The problem your code has is that you call a function with a wrong number of arguments. The function has been created with an argument list of fewer elements.
See this:
CL-USER> (defmethod foo ((a string) (b string) &key) (list a b))
STYLE-WARNING:
Implicitly creating new generic function COMMON-LISP-USER::FOO.
#<STANDARD-METHOD FOO (STRING STRING) {1005603C53}>
Above says that DEFMETHOD
also creates the corresponding generic function, because there was none. That's fine. We could also use DEFGENERIC
to declare the generic function and its arguments. Here SBCL infers it from the method it sees.
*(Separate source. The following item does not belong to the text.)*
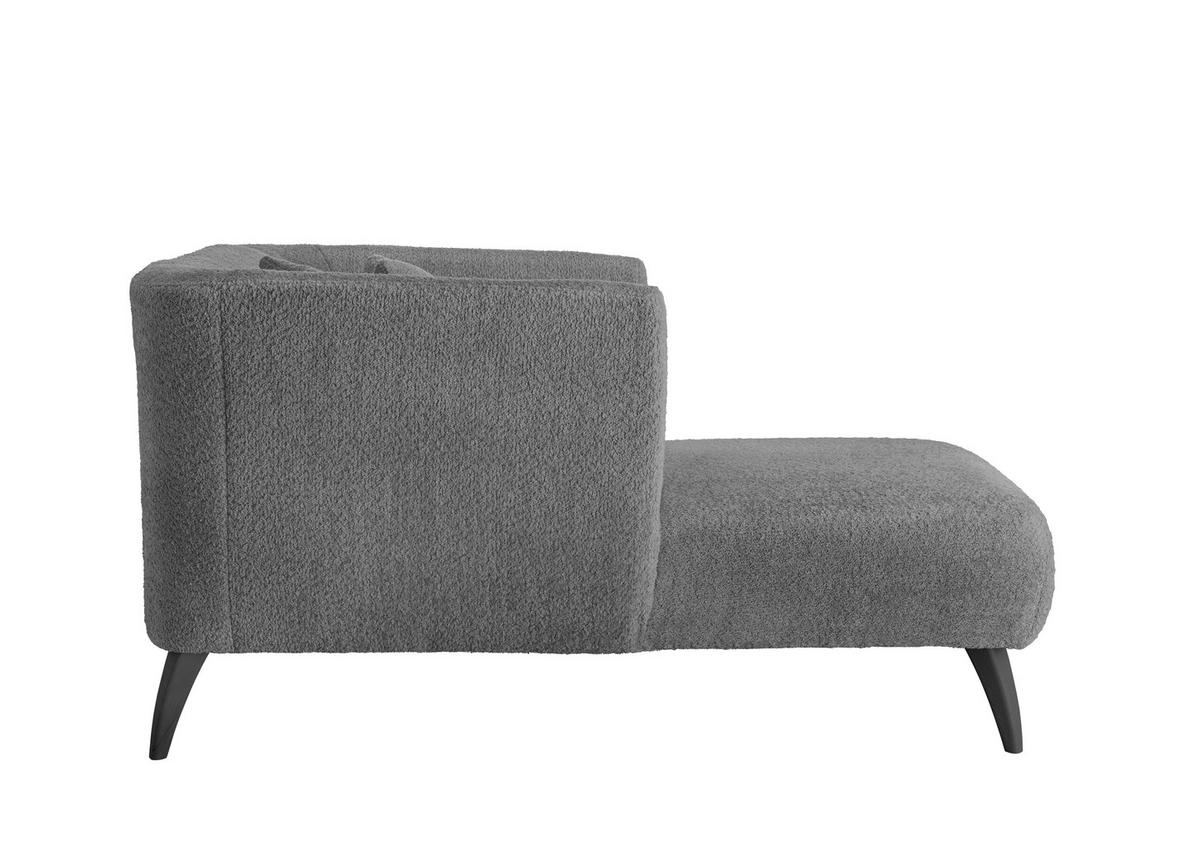 XXL-SESSEL in Bouclé Anthrazit  - Anthrazit/Schwarz, Modern, Holz/Textil (108/84/155cm) - MID.YOU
The method has exactly two arguments. There are no keyword arguments. Let's call it from another function with a few, supposedly, keyword arguments.
CL-USER> (defun bar (baz) (foo baz baz :k1 10))
; in: DEFUN BAR
; (FOO BAZ BAZ :K1 10)
;
; caught STYLE-WARNING:
; The function was called with four arguments, but wants exactly two.
;
; compilation unit finished
; caught 1 STYLE-WARNING condition
BAR
CL-USER>
Now SBCL tells us that we call the generic function with four arguments, even though the generic function has only two parameters.
In your case the declaration of U1
describes a function with two arguments. There are no keyword arguments for READ-DATA-VALUE
.
There are now several possible ways to deal with this:
use a
DEFGENERIC
to define the generic functionREAD-DATA-VALUE
with the argument list you really want to use and make sure all your methods follow it.Put all the arguments in all methods. In methods where they are not used, declare them to be ignorable.
allow other keyword arguments, &allow-other-keys, to allow different methods to have different sets of keyword arguments. Best do it also in the
DEFGENERIC
form.
Then:
CL-USER> (defmethod foo1 ((a string) (b string) &key &allow-other-keys)
(list a b))
STYLE-WARNING:
Implicitly creating new generic function COMMON-LISP-USER::FOO1.
#<STANDARD-METHOD FOO1 (STRING STRING) {10058AC193}>
CL-USER> (defun bar1 (baz) (foo1 baz baz :k1 10))
BAR1
You can see that SBCL no longer complains and assumes that the arguments are keyword arguments.
The drawback is that the Lisp compiler now assumes that you can use arbitrary keyword arguments for this generic function and can't tell you (also not at compile time) if you pass a wrong one.